In this work, we introduced the ViTCN, a hybrid architecture that combines the learned spatial features of the ViT with the temporal features of the TCN extracted from the different video frames and correlates the features extracted for each frame. It shows remarkable success in enhancing the performance of ViT on FER tasks. The performance of the proposed hybrid architecture was evaluated on controlled data sets like CK+ and MMI, as well as on wild data sets like DFEW and AFFWild2. It was shown that the suggested architecture outperforms other sophisticated solutions when utilizing a single model trained on a single GPU, notably on the MMI, DFEW, and AFFWild2 data sets. Our architecture has outperformed other sophisticated solutions with an accuracy of more than 8% in MMI, 14% in AFF-Wild2, and 4% in DFEW. Also, it produces competitive results on the CK+ data set. Nevertheless, due to the imbalanced classes in the DAiSEE data set, we examined the effects of augmentation methods and ratios. We discussed the implications of both freezing and non-freezing ViT during the training phase.

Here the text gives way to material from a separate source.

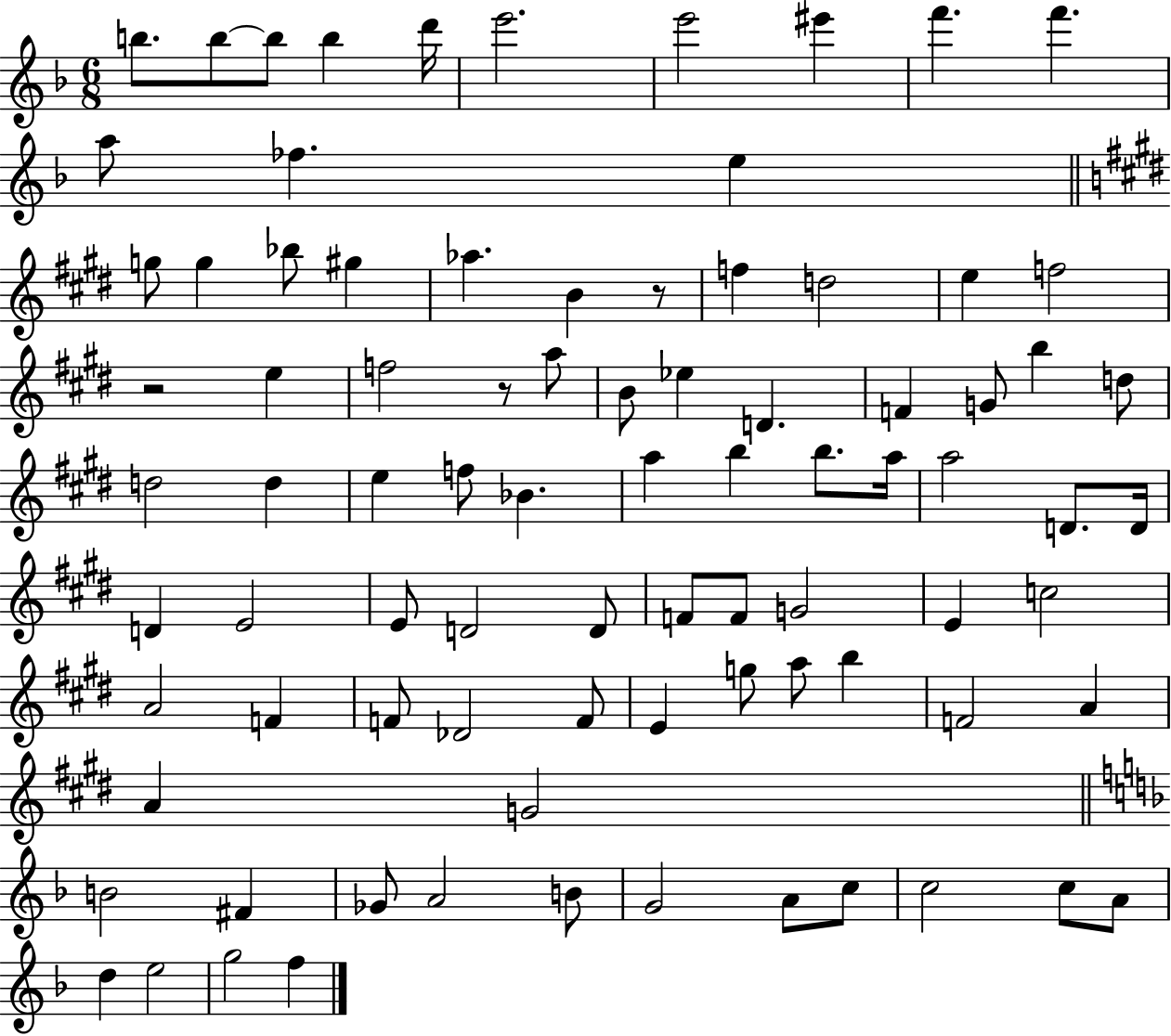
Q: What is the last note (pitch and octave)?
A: F5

We aim to develop a facial expression detection and recognition system that utilizes a single GPU to minimize computational power while maintaining accuracy. Our goal is to achieve superior performance on a majority of benchmark data sets or match the performance of existing methods while minimizing computational resources across a series of frames.

In our future research, we plan to expand the ViTCN architecture to tackle a more challenging task, such as identifying micro-expressions. Additionally, we intend to improve the ViTCN architecture by incorporating an attention mechanism called SE block [22] into the TCN architecture. Further augmenting our computational resources will help us employ 16 TCN layers with larger kernel sizes, which will boost the module’s capacity and potentially yield superior performance on the CK+ data set.